Coast Guard Pacific Area Command Changeover
The US Coast Guard informs that Rear Adm. Charles W. Ray will relieve Vice Adm. Paul F. Zukunft (US Coast Guard Commander designate) as Commander, Coast Guard Pacific Area and Coast Guard Defense Forces West, in a change-of-command ceremony at Coast Guard Island in Alameda.
Zukunft has served as the Pacific Area Commander since April 2012, and is leaving to assume the duties as the Coast Guard Commandant in Washington, D.C., upon Senate confirmation. “It has been a pleasure serving as the Coast Guard’s Pacific Area commander for the past two years, and I look forward to the opportunity to continue my service as the Coast Guard’s 25th Commandant,” said Zukunft.
Rear Adm. Charles Ray is scheduled to be promoted to vice-admiral prior to the change of command. He has served as the Pacific Area deputy since 2013. His previous flag assignments include Coast Guard District 14 Commander, service with U.S. Forces Iraq as Director of the Iraq Training and Advisory Mission for the Ministry of Interior, and as the Military Advisor to the Secretary of the Department of Homeland Security.

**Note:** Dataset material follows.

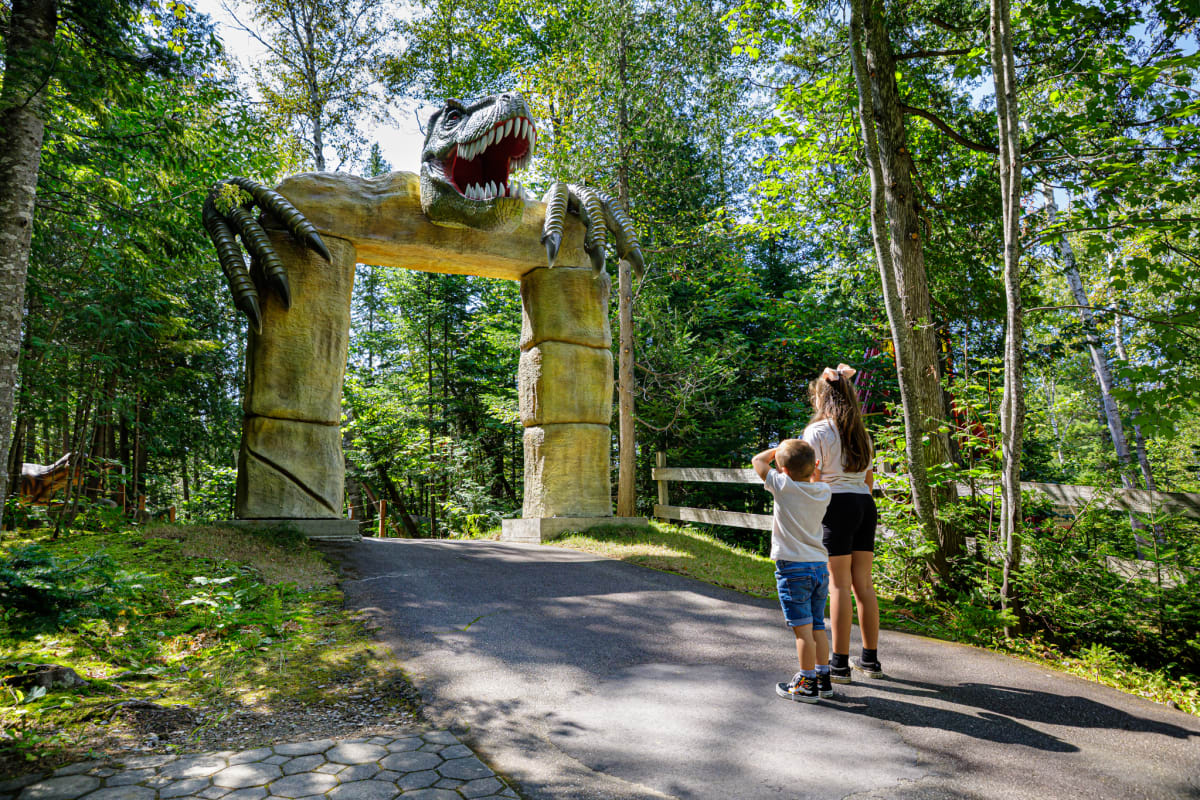 Two children in front of a door topped with a dinosaur head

Ray, a Newport, Ark., native, is a 1981 graduate of the Coast Guard Academy. After an assignment as a deck watch officer aboard Coast Guard Cutter Acushnet, he was selected for Naval Flight Training and earned his wings in 1983.
PACAREA’s area of responsibility encompasses six of the seven continents, 71 countries, and more than 74 million square miles of ocean — from the U.S. Western States to Asia, and from the Arctic to Antarctica.

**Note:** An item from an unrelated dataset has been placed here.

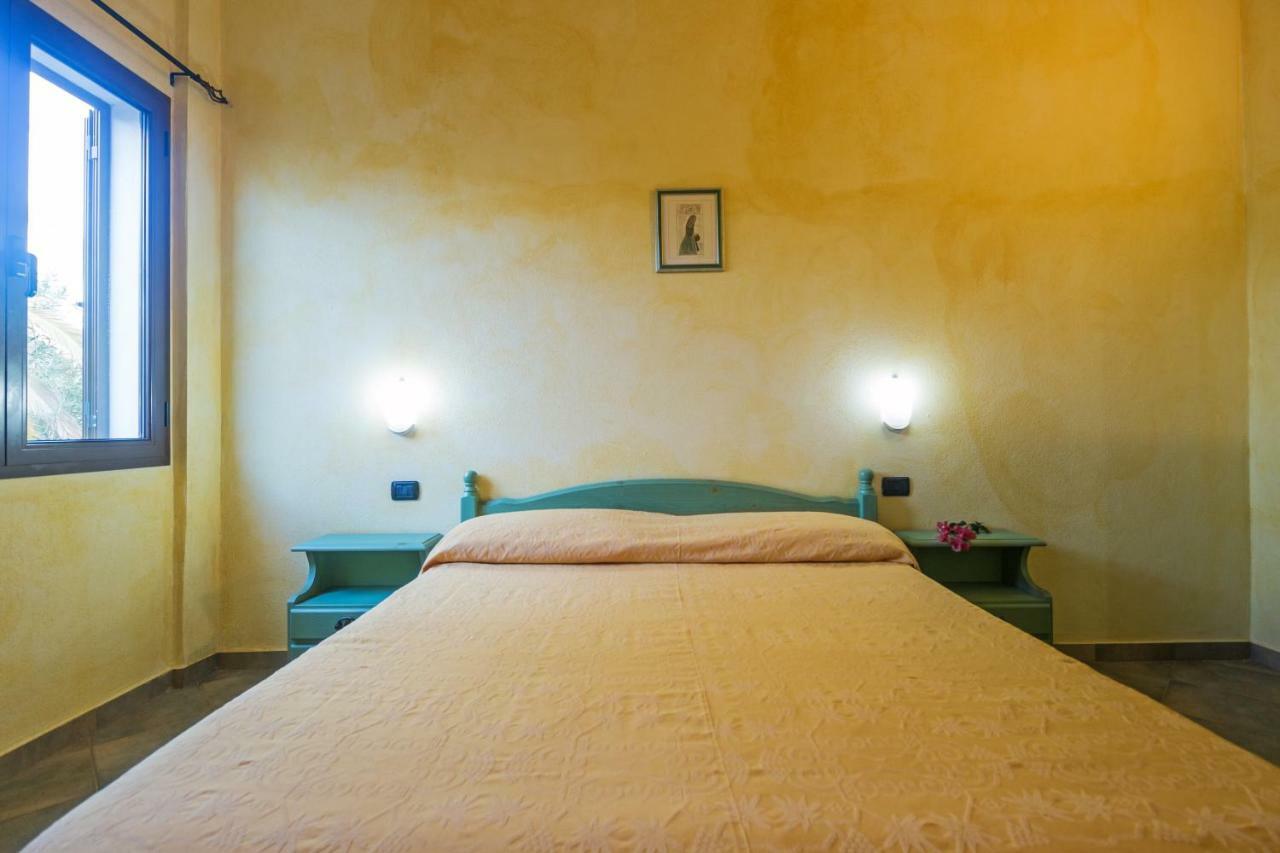 Appartamento Magnolia Cala Liberotto Bagian luar foto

The Coast Guard explains that the change of command ceremony is a time-honored tradition, which formally restates that the continuity of command will be maintained. It is a formal ritual, conducted before the assembled company of the command. It conveys to the officers, enlisted personnel, civilian employees, and auxiliarists of the Coast Guard that although the authority of command is relinquished by one person and is assumed by another, it is still maintained without interruption.